De même, la relation de ressemblance est symétrique : si A ressemble à B alors B ressemble A. Cependant, si La Joconde représente bien Mona Lisa, il est faux de dire que Mona Lisa représente La Joconde.
Il faut ajouter qu’il existe de nombreux objets qui se ressemblent et qui pourtant ne se représentent pas. Deux frères jumeaux homozygotes se ressemblent indéniablement, mais aucun des deux ne représente l’autre. La représentation n’est donc pas une relation de ressemblance.

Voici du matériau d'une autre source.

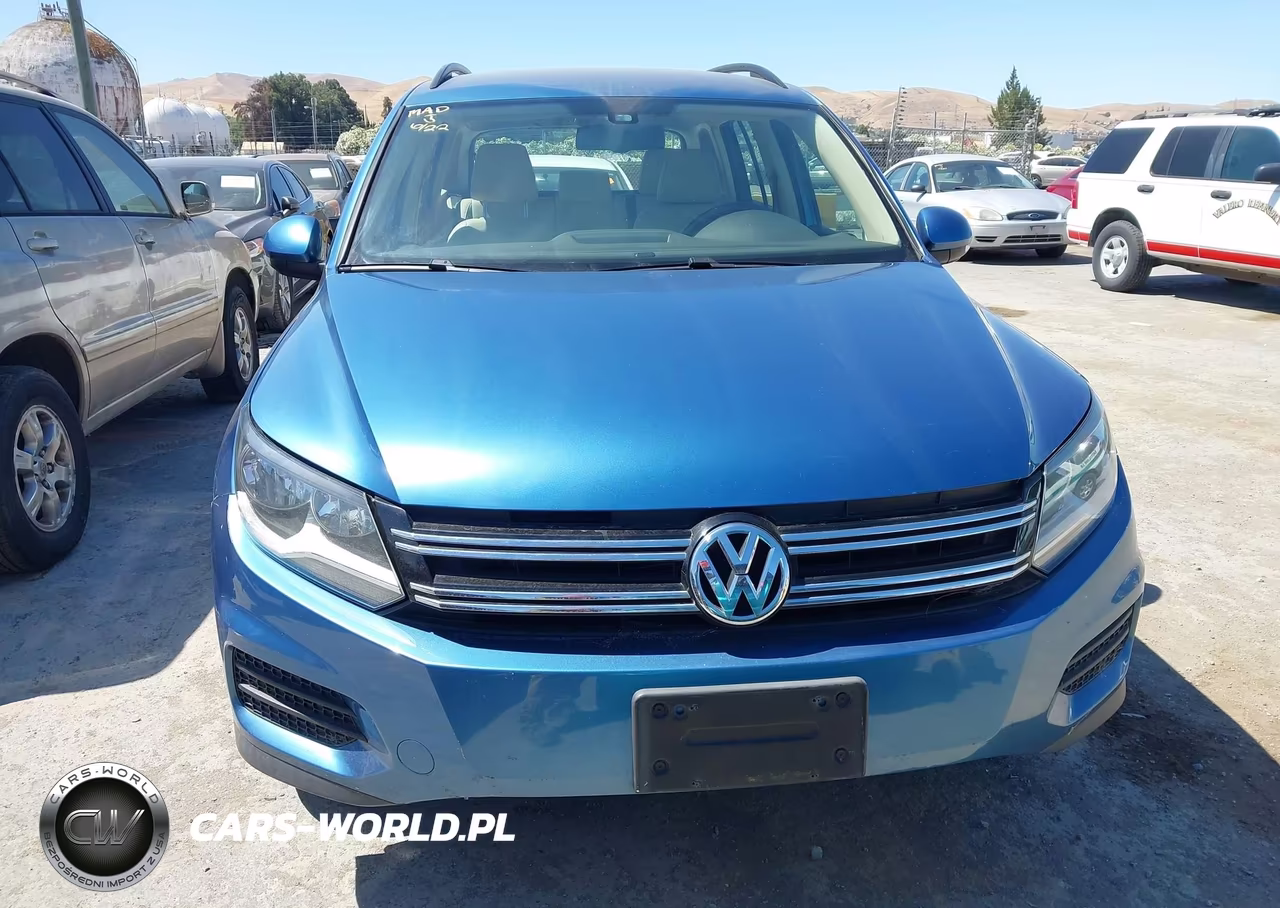 2017 Volkswagen Tiguan 2.0T-2.0T S VIN:WVGBV7AX7HK020045 - 12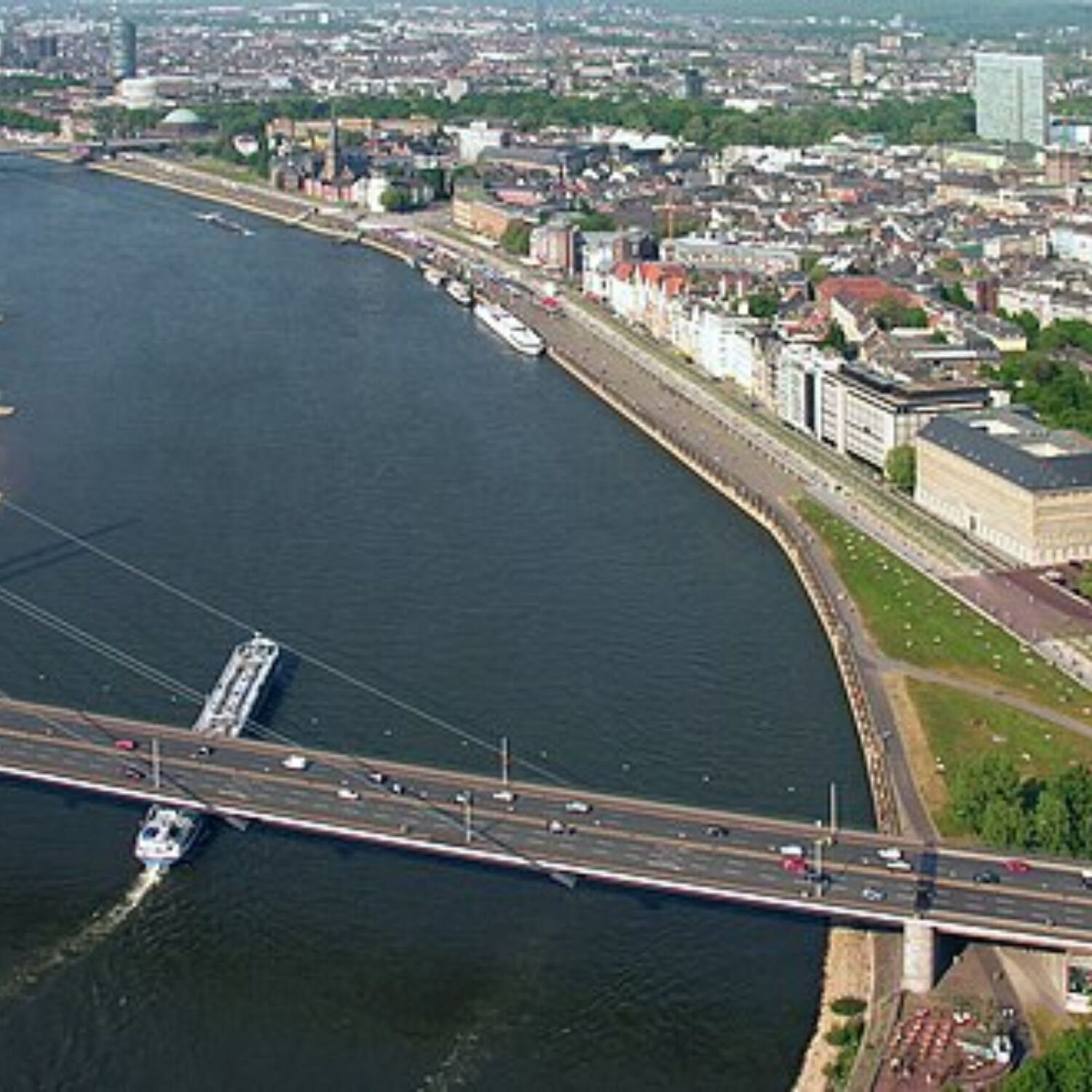 Wochenendtrip nach Düsseldorf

Cet argument est emprunté au philosophe américain Nelson Goodman. Comme lui, je considère la représentation comme une référence, c’est-à-dire comme une relation de renvoi. Une représentation renvoie à ce dont elle est la représentation, à l’objet qu’elle représente. C’est ainsi que La Joconde renvoie à Mona Lisa et La Cène à un épisode célèbre de la vie de Jésus.
Comme le dit Goodman, dans Langages de l’art, “la ressemblance n’est nullement nécessaire pour la référence ; presque tout peut valoir pour presque n’importe quoi d’autre. Une image qui représente un objet – ou une page qui le décrit – y fait référence et, plus particulièrement, le dénote. La dénotation est le cœur de la représentation et elle est indépendante de la ressemblance”.
En utilisant le terme “dénotation”, Goodman assimile la relation entre la représentation et ce qu’elle représente à celle qui existe entre un prédicat et ce à quoi il s’applique. Mais il est possible de distinguer plusieurs types de dénotation, la plus évidente étant, bien entendu, la dénotation verbale. La représentation est une espèce particulière de dénotation.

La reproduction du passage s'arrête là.